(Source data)
*** Block opens ***
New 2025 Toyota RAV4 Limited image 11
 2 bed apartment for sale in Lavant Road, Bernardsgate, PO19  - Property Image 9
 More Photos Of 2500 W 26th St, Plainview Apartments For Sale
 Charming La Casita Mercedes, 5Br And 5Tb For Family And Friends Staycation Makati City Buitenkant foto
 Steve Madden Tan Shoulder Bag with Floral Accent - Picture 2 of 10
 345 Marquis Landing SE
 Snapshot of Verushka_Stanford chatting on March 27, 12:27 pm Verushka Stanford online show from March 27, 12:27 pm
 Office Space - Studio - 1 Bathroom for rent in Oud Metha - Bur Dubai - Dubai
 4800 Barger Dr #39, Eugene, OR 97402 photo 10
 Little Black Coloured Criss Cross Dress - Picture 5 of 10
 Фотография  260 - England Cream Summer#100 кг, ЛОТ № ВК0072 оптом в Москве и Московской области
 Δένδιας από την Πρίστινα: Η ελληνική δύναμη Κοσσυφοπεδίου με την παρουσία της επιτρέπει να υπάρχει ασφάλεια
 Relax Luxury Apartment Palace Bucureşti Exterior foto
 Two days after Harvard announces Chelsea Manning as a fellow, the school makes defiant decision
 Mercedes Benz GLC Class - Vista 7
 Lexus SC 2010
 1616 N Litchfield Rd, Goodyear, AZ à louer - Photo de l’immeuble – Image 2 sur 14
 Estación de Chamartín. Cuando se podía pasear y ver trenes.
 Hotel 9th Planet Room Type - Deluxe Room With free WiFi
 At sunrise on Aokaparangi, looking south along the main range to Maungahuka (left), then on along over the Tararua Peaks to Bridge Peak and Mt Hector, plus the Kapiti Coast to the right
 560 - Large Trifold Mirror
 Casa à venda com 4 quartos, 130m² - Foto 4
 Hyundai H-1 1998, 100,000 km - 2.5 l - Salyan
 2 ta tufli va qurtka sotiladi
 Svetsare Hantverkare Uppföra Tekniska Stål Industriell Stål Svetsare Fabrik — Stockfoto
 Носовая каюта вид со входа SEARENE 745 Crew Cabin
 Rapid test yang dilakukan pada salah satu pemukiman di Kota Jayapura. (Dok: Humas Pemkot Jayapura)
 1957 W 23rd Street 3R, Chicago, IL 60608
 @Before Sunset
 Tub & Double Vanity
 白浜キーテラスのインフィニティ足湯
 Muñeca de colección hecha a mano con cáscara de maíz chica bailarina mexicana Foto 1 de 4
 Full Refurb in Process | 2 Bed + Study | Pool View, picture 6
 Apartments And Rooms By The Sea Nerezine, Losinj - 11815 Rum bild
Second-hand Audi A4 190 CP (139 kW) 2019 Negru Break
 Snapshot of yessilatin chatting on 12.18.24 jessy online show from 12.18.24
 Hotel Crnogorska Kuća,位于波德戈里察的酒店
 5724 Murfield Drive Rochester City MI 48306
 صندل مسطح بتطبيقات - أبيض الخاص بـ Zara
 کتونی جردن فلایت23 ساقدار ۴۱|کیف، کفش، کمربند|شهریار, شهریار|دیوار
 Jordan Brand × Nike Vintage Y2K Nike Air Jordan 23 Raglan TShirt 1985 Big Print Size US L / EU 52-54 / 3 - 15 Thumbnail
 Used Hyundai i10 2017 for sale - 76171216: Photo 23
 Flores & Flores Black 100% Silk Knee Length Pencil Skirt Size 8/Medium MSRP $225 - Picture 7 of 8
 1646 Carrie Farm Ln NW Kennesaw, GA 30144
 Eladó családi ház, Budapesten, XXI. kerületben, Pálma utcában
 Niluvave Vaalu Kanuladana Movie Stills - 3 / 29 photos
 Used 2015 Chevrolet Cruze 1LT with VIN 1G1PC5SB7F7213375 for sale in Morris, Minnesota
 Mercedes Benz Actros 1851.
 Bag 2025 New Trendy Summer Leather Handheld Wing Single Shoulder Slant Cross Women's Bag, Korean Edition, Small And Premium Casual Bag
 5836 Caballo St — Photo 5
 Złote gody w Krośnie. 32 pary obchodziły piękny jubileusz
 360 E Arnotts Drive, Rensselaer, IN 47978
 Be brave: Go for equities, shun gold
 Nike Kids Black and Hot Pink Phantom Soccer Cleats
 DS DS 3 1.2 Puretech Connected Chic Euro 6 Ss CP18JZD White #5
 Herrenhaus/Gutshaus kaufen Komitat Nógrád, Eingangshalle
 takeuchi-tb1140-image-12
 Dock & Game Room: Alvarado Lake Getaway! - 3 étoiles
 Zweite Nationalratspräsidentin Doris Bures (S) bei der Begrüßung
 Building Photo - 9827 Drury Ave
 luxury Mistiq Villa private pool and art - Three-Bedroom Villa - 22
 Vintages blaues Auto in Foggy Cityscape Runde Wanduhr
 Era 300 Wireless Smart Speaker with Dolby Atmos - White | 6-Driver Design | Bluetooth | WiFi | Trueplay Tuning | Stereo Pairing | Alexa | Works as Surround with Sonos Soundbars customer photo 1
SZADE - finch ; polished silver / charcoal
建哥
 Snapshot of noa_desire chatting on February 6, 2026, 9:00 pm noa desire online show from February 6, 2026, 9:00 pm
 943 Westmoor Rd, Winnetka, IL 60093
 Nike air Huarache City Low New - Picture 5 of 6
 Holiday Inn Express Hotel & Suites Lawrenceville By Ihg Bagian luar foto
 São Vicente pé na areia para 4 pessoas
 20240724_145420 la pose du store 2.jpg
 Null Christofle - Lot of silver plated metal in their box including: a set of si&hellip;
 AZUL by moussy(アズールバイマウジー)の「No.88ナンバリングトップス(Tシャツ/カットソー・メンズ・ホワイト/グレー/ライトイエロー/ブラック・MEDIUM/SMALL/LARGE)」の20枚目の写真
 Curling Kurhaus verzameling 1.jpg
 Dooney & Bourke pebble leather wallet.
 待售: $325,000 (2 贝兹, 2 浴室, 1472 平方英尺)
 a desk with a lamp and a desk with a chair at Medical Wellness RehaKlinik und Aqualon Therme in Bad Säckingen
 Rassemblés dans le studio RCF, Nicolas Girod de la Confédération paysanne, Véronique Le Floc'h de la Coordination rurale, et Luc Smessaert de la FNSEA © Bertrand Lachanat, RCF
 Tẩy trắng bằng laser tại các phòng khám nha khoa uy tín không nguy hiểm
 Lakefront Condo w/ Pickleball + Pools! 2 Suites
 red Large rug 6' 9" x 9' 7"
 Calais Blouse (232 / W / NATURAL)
*** Block closes ***
Print all of the records, leaving each one exactly as it appears above.

Response below:
New 2025 Toyota RAV4 Limited image 11
 2 bed apartment for sale in Lavant Road, Bernardsgate, PO19  - Property Image 9
 More Photos Of 2500 W 26th St, Plainview Apartments For Sale
 Charming La Casita Mercedes, 5Br And 5Tb For Family And Friends Staycation Makati City Buitenkant foto
 Steve Madden Tan Shoulder Bag with Floral Accent - Picture 2 of 10
 345 Marquis Landing SE
 Snapshot of Verushka_Stanford chatting on March 27, 12:27 pm Verushka Stanford online show from March 27, 12:27 pm
 Office Space - Studio - 1 Bathroom for rent in Oud Metha - Bur Dubai - Dubai
 4800 Barger Dr #39, Eugene, OR 97402 photo 10
 Little Black Coloured Criss Cross Dress - Picture 5 of 10
 Фотография  260 - England Cream Summer#100 кг, ЛОТ № ВК0072 оптом в Москве и Московской области
 Δένδιας από την Πρίστινα: Η ελληνική δύναμη Κοσσυφοπεδίου με την παρουσία της επιτρέπει να υπάρχει ασφάλεια
 Relax Luxury Apartment Palace Bucureşti Exterior foto
 Two days after Harvard announces Chelsea Manning as a fellow, the school makes defiant decision
 Mercedes Benz GLC Class - Vista 7
 Lexus SC 2010
 1616 N Litchfield Rd, Goodyear, AZ à louer - Photo de l’immeuble – Image 2 sur 14
 Estación de Chamartín. Cuando se podía pasear y ver trenes.
 Hotel 9th Planet Room Type - Deluxe Room With free WiFi
 At sunrise on Aokaparangi, looking south along the main range to Maungahuka (left), then on along over the Tararua Peaks to Bridge Peak and Mt Hector, plus the Kapiti Coast to the right
 560 - Large Trifold Mirror
 Casa à venda com 4 quartos, 130m² - Foto 4
 Hyundai H-1 1998, 100,000 km - 2.5 l - Salyan
 2 ta tufli va qurtka sotiladi
 Svetsare Hantverkare Uppföra Tekniska Stål Industriell Stål Svetsare Fabrik — Stockfoto
 Носовая каюта вид со входа SEARENE 745 Crew Cabin
 Rapid test yang dilakukan pada salah satu pemukiman di Kota Jayapura. (Dok: Humas Pemkot Jayapura)
 1957 W 23rd Street 3R, Chicago, IL 60608
 @Before Sunset
 Tub & Double Vanity
 白浜キーテラスのインフィニティ足湯
 Muñeca de colección hecha a mano con cáscara de maíz chica bailarina mexicana Foto 1 de 4
 Full Refurb in Process | 2 Bed + Study | Pool View, picture 6
 Apartments And Rooms By The Sea Nerezine, Losinj - 11815 Rum bild
Second-hand Audi A4 190 CP (139 kW) 2019 Negru Break
 Snapshot of yessilatin chatting on 12.18.24 jessy online show from 12.18.24
 Hotel Crnogorska Kuća,位于波德戈里察的酒店
 5724 Murfield Drive Rochester City MI 48306
 صندل مسطح بتطبيقات - أبيض الخاص بـ Zara
 کتونی جردن فلایت23 ساقدار ۴۱|کیف، کفش، کمربند|شهریار, شهریار|دیوار
 Jordan Brand × Nike Vintage Y2K Nike Air Jordan 23 Raglan TShirt 1985 Big Print Size US L / EU 52-54 / 3 - 15 Thumbnail
 Used Hyundai i10 2017 for sale - 76171216: Photo 23
 Flores & Flores Black 100% Silk Knee Length Pencil Skirt Size 8/Medium MSRP $225 - Picture 7 of 8
 1646 Carrie Farm Ln NW Kennesaw, GA 30144
 Eladó családi ház, Budapesten, XXI. kerületben, Pálma utcában
 Niluvave Vaalu Kanuladana Movie Stills - 3 / 29 photos
 Used 2015 Chevrolet Cruze 1LT with VIN 1G1PC5SB7F7213375 for sale in Morris, Minnesota
 Mercedes Benz Actros 1851.
 Bag 2025 New Trendy Summer Leather Handheld Wing Single Shoulder Slant Cross Women's Bag, Korean Edition, Small And Premium Casual Bag
 5836 Caballo St — Photo 5
 Złote gody w Krośnie. 32 pary obchodziły piękny jubileusz
 360 E Arnotts Drive, Rensselaer, IN 47978
 Be brave: Go for equities, shun gold
 Nike Kids Black and Hot Pink Phantom Soccer Cleats
 DS DS 3 1.2 Puretech Connected Chic Euro 6 Ss CP18JZD White #5
 Herrenhaus/Gutshaus kaufen Komitat Nógrád, Eingangshalle
 takeuchi-tb1140-image-12
 Dock & Game Room: Alvarado Lake Getaway! - 3 étoiles
 Zweite Nationalratspräsidentin Doris Bures (S) bei der Begrüßung
 Building Photo - 9827 Drury Ave
 luxury Mistiq Villa private pool and art - Three-Bedroom Villa - 22
 Vintages blaues Auto in Foggy Cityscape Runde Wanduhr
 Era 300 Wireless Smart Speaker with Dolby Atmos - White | 6-Driver Design | Bluetooth | WiFi | Trueplay Tuning | Stereo Pairing | Alexa | Works as Surround with Sonos Soundbars customer photo 1
SZADE - finch ; polished silver / charcoal
建哥
 Snapshot of noa_desire chatting on February 6, 2026, 9:00 pm noa desire online show from February 6, 2026, 9:00 pm
 943 Westmoor Rd, Winnetka, IL 60093
 Nike air Huarache City Low New - Picture 5 of 6
 Holiday Inn Express Hotel & Suites Lawrenceville By Ihg Bagian luar foto
 São Vicente pé na areia para 4 pessoas
 20240724_145420 la pose du store 2.jpg
 Null Christofle - Lot of silver plated metal in their box including: a set of si&hellip;
 AZUL by moussy(アズールバイマウジー)の「No.88ナンバリングトップス(Tシャツ/カットソー・メンズ・ホワイト/グレー/ライトイエロー/ブラック・MEDIUM/SMALL/LARGE)」の20枚目の写真
 Curling Kurhaus verzameling 1.jpg
 Dooney & Bourke pebble leather wallet.
 待售: $325,000 (2 贝兹, 2 浴室, 1472 平方英尺)
 a desk with a lamp and a desk with a chair at Medical Wellness RehaKlinik und Aqualon Therme in Bad Säckingen
 Rassemblés dans le studio RCF, Nicolas Girod de la Confédération paysanne, Véronique Le Floc'h de la Coordination rurale, et Luc Smessaert de la FNSEA © Bertrand Lachanat, RCF
 Tẩy trắng bằng laser tại các phòng khám nha khoa uy tín không nguy hiểm
 Lakefront Condo w/ Pickleball + Pools! 2 Suites
 red Large rug 6' 9" x 9' 7"
 Calais Blouse (232 / W / NATURAL)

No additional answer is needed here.